From an analytics perspective, it’s critical that each employee population maintains the same statistical assumptions. This means that choices regarding graph layout, degree centrality and network density calculations should be the same. Furthermore, it’s important that analysts eliminate unnecessary noise from the graph. This means filtering out nodes with limited connections, alongside sizing the network in a manner that highlights key influencers, strategic locales, and other clusters.

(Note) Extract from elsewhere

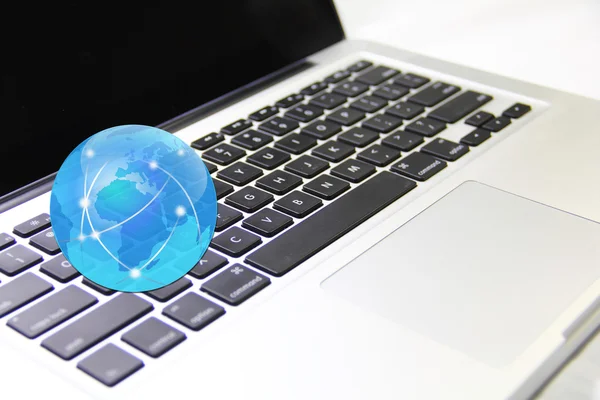 The earth on a laptop computer — Stock Photo, Image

Step 4: Identify themes that positively impact the networks of top performers

Once you’ve generated network graphs for both male and female employees, the next step is to evaluate their characteristics side-by-side. Importantly, the goal is to identity key themes that are strengthening certain performers, while weakening others. Though it’s common for males to have stronger connections, it’s important that analysts objectively analyze the graphs without prejudgments. Overall, the following categories are useful when evaluating network strength. For each element, analysts should calculate the delta between the male and female graphs. The goal is to identify gaps that can be addressed either through training, mentoring, or policy adjustments.

  • Identify the Principle Nodes (i.e. Key Influencers) and their key connections.

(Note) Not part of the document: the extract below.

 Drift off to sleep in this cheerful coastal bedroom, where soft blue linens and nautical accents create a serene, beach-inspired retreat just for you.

  • Evaluate the Geographic and Team Clusters that drive organizational activity.

  • Identify the Professional Societies and Industry Conferences that are most impactful.

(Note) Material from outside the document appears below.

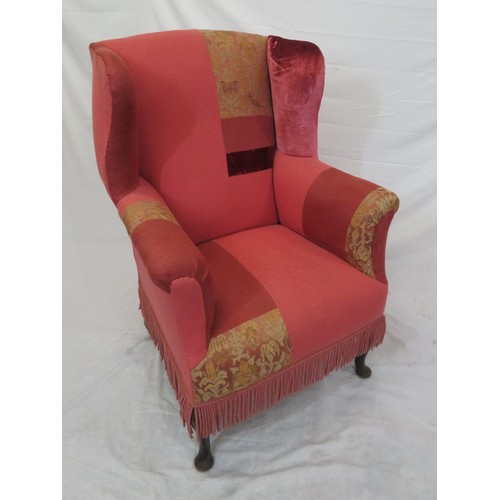 388 - Georgian style wingback armchair with cabriole legs and pad feet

  • Calculate the path distance between key influencers and junior employees.

  • Compare incumbent vs. successors, including differences in density and centrality.

  • Analyze the delta between the internal vs. external network strength of employees.

Combined, these trends should present a compelling narrative when comparing male vs. female top performers. Ideally, professional networks should maintain a similar breadth, depth, and quality for employees assigned to the same succession plan. In the case of D&I, identifying differences is a powerful starting point in designing programs that help female leaders develop. Moreover, the graphs serve as a quality check for existing programs.

Final Step: Recommendations

Once you’ve completed the Gephi analysis, the process for developing recommendations is relatively straightforward. Specifically, the objective is to identify network elements that are present in top performers, but comparatively weak or non-existent among female D&I talent pools. In this way, People Teams can design interventions that help employees break into key networks. As discussed, the presence of a robust internal and external network is a leading indicator of development. Therefore, the goal is to identity those principle influencers (Nodes), alongside the key communication clusters (Edges) that drive operations. This should include both external networks such as LinkedIn and Google Scholar, alongside internal platforms. Once complete, HR Professionals can determine which barriers exist that are limiting the quality of D&I networks. Examples include barriers to entry (i.e. lack of a mentor), missing skills, the need for a critical assignment, and/or misaligned company polices. Ultimately, the more D&I networks are calibrated against top performers, the easier it will be for employees to grow. Lastly, the visualization is both powerful and intuitive, making it easier for executives to buy-in.

Network analysis is a great leading indicator of D&I progress, which can be balanced against lagging indicators such as succession planning strength and high potential selection. Taken together, People Teams can use this information to form a comprehensive view of development. In this article, female opportunities were emphasized. However, the same approach can be used to evaluate minority leaders and employees with disabilities.